Questa opportunità è stata resa possibile dalla Commissione europea, che ha identificato 22 misure esemplificative per ridurre la dipendenza dai combustibili fossili. Tra queste, spiccano gli investimenti in centrali nucleari, pompe di calore per famiglie e imprese, e infrastrutture per la ricarica dei veicoli elettrici.
Investimenti in energia nucleare e solare
La Commissione europea ha esplicitamente menzionato gli investimenti in centrali nucleari come una delle misure ammissibili. Questa notizia è particolarmente rilevante per l’Italia, che ha recentemente approvato un disegno di legge per il ritorno alla produzione di energia nucleare. Tuttavia, è improbabile che gli investimenti possano partire prima del 2028, data la complessità normativa e la necessità di un referendum abrogativo.
Oltre al nucleare, l’Italia può investire in impianti solari e batterie domestiche. Queste tecnologie sono fondamentali per ridurre la dipendenza dal gas e dall’energia fossile, offrendo al contempo opportunità di risparmio energetico per famiglie e imprese.
Pompe di calore e efficientamento energetico
Le pompe di calore sono al centro delle nuove misure Ue. La Commissione europea ha menzionato queste tecnologie due volte nel suo documento, sottolineando la loro importanza sia per le famiglie che per le imprese.
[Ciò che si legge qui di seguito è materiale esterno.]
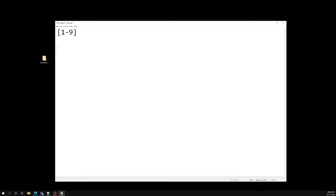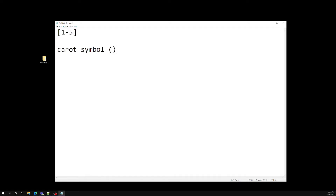That means match anything except these characters. For example, match any characters except one to five. For this type of thing we will be using the caret symbol. If you mention the caret symbol before the character set, it will exclude those characters from the matching string. So if you want to match all numbers except one to five, you can write it like that.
Per le famiglie, è possibile ottenere sovvenzioni per sostituire le caldaie a combustibili fossili con pompe di calore, mentre per le imprese sono previsti incentivi per l’adozione di tecnologie di decarbonizzazione industriale.
Attualmente, in Italia, gli incentivi per l’installazione di pompe di calore coprono fino al 65% della spesa per le famiglie e fino al 50% per le imprese, a seconda dei requisiti del Conto termico. Queste percentuali sono destinate a scendere nel 2027, rendendo ancora più importante sfruttare le nuove opportunità offerte dalle deroghe Ue.
Infrastrutture di trasporto e mobilità sostenibile
Le deroghe Ue includono anche investimenti nelle infrastrutture di trasporto. Tra queste, spiccano le colonnine di ricarica per veicoli elettrici, la riconversione green del trasporto pubblico locale e l’ammodernamento delle infrastrutture ferroviarie. Questi investimenti sono in linea con gli obiettivi del Pnrr, che prevede già finanziamenti significativi per il trasporto pubblico e le ferrovie.
Inoltre, sono previsti incentivi fiscali per le infrastrutture di ricarica e sovvenzioni per la ristrutturazione energetica degli edifici. Questi interventi mirano a ridurre l’uso di carburanti fossili e a promuovere l’uso di energie rinnovabili nel settore dei trasporti.
Il ministro dell’Ambiente e della sicurezza energetica, Gilberto Pichetto Fratin, ha espresso soddisfazione per l’inclusione degli investimenti sul nucleare tra quelli finanziabili, ma ha anche sottolineato la necessità di approfondire gli aspetti tecnici e l’ammissibilità delle singole misure. Il governo potrebbe inviare le sue proposte a Bruxelles solo ai primi di settembre, data la complessità delle procedure.